Assigned task: Go through the entries below line by line and tally those holding "Cottage"; write only the tally.

Supplied material:
- - -

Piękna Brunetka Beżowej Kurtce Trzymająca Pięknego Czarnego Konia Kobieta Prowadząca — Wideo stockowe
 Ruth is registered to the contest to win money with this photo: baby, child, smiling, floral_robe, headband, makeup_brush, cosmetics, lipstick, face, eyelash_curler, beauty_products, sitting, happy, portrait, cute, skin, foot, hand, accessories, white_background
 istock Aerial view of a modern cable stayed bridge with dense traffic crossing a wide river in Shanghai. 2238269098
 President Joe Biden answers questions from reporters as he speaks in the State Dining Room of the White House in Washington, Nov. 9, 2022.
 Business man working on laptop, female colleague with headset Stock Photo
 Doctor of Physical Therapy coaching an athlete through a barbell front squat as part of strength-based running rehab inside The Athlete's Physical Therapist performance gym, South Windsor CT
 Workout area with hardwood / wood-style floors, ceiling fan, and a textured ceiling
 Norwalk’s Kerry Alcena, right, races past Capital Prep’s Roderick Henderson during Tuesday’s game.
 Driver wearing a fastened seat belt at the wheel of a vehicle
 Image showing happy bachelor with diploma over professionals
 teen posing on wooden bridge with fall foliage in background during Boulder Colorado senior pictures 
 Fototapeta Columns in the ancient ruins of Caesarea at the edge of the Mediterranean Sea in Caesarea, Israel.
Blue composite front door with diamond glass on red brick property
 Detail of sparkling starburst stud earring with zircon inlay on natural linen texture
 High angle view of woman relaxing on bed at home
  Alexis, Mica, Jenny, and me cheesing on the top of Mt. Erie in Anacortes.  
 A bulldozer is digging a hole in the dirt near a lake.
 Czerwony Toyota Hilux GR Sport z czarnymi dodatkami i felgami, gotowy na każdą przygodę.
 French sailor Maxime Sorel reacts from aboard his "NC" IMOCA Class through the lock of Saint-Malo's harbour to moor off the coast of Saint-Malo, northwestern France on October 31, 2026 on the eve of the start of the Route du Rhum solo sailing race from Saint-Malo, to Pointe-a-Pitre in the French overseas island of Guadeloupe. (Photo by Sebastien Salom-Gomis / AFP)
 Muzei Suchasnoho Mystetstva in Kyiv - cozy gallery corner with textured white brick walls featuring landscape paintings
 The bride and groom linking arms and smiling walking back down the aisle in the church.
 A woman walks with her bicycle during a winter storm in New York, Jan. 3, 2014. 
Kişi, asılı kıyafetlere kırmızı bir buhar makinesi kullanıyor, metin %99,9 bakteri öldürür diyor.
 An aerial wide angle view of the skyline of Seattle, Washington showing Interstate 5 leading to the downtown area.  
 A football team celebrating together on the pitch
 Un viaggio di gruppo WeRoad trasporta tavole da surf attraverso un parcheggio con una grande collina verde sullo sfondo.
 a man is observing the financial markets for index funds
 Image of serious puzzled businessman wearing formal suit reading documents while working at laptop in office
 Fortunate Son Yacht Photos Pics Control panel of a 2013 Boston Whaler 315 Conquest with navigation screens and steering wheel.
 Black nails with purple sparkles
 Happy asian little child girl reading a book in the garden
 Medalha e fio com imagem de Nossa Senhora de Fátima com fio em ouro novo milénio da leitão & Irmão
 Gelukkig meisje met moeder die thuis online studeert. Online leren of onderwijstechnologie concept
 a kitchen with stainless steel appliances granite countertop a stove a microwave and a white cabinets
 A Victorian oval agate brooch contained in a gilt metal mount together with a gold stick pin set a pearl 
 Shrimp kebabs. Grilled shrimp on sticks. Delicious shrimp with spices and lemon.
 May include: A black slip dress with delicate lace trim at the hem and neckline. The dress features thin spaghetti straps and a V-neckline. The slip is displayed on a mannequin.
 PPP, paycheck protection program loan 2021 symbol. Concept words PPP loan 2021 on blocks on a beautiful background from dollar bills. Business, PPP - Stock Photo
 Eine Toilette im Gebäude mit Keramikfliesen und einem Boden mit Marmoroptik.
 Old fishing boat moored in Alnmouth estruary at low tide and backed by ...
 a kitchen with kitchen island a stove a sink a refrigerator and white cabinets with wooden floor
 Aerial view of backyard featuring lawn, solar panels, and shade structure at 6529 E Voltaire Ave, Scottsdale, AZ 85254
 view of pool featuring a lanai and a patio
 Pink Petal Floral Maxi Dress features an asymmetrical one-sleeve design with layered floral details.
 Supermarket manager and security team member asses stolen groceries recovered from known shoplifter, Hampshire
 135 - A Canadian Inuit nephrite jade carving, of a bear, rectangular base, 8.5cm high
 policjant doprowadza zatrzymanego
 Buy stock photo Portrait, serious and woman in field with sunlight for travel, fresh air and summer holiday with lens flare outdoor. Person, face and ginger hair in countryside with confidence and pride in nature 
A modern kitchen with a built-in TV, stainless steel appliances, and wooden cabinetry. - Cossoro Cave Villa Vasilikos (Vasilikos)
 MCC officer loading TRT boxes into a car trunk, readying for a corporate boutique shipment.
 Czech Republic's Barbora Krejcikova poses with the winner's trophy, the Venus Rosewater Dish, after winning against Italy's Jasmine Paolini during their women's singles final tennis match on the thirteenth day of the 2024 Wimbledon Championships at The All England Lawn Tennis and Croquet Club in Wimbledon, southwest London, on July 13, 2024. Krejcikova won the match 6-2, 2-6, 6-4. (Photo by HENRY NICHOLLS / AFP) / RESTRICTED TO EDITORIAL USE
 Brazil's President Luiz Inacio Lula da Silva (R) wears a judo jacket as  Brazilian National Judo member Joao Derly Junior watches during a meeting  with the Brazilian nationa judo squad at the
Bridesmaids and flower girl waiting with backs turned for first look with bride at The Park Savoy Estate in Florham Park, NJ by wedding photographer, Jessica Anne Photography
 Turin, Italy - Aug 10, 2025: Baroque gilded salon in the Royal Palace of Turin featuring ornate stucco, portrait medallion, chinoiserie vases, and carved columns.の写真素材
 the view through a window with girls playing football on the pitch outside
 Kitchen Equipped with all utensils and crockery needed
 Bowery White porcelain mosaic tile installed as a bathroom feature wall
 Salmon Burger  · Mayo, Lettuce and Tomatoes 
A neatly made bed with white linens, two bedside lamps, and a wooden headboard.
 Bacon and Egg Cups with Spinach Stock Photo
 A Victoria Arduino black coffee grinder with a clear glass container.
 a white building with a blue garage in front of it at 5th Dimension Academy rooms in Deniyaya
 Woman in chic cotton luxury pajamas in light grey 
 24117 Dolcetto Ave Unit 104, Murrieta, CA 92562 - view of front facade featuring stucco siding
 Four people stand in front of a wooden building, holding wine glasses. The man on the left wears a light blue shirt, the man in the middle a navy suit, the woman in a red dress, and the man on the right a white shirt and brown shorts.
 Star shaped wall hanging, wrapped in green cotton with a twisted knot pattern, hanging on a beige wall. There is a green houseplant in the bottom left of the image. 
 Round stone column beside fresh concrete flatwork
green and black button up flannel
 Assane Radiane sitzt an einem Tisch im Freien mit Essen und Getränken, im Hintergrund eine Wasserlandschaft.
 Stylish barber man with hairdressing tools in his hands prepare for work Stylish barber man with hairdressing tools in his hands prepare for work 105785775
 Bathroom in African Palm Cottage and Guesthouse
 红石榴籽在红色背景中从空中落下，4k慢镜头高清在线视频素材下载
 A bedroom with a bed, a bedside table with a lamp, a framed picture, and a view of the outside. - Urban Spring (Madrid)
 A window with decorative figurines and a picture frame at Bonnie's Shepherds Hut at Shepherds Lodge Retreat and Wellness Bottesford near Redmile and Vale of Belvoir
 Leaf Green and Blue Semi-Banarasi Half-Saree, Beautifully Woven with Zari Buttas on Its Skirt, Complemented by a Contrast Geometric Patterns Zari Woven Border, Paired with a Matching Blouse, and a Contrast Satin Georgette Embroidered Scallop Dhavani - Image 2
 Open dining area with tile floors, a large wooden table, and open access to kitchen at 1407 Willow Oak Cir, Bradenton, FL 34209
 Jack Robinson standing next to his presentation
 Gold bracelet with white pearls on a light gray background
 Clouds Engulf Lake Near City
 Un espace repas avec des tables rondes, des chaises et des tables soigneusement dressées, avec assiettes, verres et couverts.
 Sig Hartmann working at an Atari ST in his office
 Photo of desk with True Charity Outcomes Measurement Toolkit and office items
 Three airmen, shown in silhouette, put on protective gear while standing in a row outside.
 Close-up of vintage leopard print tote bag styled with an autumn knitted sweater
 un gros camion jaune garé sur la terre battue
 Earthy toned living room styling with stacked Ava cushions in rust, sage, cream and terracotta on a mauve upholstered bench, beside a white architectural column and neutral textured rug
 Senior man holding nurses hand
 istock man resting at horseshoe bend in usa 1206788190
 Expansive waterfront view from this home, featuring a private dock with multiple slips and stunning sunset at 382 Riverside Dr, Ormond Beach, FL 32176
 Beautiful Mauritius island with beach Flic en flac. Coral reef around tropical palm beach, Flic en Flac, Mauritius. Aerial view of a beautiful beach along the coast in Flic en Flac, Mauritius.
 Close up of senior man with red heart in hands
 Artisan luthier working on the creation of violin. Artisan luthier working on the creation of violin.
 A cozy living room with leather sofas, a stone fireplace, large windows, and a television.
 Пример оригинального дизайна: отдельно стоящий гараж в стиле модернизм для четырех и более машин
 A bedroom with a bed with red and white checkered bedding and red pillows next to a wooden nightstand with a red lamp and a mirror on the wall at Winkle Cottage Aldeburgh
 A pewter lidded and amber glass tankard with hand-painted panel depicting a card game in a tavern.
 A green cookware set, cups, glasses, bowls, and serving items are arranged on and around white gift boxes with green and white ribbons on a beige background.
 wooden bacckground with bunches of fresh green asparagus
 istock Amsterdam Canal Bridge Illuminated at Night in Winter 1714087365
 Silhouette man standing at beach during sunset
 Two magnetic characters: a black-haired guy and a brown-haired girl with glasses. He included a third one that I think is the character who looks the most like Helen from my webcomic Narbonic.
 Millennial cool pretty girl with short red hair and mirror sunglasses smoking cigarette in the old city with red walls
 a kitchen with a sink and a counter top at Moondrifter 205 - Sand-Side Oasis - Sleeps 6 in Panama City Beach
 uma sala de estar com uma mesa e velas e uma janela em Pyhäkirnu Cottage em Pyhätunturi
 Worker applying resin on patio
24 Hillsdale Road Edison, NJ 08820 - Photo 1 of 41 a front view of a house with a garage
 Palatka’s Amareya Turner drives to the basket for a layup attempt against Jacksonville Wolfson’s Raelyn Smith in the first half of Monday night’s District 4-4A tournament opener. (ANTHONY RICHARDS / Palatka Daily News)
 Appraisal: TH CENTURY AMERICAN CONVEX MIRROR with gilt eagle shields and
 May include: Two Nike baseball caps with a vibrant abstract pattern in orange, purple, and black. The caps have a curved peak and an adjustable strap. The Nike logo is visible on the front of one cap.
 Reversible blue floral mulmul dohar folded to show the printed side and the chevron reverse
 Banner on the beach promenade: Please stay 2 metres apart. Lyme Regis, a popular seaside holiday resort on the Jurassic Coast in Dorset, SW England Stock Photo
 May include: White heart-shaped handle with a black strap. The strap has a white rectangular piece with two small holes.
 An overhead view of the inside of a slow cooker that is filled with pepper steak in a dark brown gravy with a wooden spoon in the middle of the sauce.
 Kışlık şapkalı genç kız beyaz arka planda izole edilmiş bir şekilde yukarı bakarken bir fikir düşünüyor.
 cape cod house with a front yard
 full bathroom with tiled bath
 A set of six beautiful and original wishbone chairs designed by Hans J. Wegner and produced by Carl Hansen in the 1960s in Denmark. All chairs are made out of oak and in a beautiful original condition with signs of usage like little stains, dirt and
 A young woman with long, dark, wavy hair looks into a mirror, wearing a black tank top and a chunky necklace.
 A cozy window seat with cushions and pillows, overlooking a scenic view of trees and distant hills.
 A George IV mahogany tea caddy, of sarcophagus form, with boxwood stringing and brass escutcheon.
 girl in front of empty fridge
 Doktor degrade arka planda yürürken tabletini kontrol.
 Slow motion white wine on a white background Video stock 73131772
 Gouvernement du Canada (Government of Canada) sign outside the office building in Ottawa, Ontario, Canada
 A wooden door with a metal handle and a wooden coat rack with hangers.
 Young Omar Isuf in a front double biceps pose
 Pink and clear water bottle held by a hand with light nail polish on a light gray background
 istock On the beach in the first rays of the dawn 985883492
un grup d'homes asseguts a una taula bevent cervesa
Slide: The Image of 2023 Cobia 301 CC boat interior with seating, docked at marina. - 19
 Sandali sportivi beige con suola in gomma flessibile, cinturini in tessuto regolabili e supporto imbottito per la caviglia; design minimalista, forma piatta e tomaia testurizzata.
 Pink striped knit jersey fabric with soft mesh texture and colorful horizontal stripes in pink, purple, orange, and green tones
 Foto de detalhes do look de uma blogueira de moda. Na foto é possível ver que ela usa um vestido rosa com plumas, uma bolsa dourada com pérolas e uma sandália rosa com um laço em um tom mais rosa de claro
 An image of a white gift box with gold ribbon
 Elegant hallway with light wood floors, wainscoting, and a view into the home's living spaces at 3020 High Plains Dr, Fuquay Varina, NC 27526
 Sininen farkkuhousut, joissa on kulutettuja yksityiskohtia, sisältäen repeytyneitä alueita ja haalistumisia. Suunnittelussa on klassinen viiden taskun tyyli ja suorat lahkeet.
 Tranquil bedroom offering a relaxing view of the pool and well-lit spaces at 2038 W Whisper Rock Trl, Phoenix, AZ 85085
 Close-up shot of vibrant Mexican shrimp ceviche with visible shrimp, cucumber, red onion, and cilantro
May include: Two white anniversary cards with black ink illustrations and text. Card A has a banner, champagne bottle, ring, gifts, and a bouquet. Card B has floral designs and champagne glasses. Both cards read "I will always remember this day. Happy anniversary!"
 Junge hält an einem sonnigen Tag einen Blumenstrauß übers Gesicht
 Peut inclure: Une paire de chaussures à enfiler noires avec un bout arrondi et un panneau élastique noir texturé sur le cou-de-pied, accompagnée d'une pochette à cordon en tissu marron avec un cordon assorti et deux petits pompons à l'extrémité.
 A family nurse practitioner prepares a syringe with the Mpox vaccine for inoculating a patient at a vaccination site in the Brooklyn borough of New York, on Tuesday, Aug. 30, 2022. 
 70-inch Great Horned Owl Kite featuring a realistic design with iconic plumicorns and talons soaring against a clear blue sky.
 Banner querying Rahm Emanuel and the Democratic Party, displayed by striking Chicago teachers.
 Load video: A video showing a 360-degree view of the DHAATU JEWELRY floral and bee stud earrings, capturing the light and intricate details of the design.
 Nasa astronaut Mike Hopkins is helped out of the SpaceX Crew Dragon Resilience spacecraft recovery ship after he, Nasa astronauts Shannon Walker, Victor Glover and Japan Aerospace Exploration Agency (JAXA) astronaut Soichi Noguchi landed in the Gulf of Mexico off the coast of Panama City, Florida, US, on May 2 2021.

- - -

Reply: 3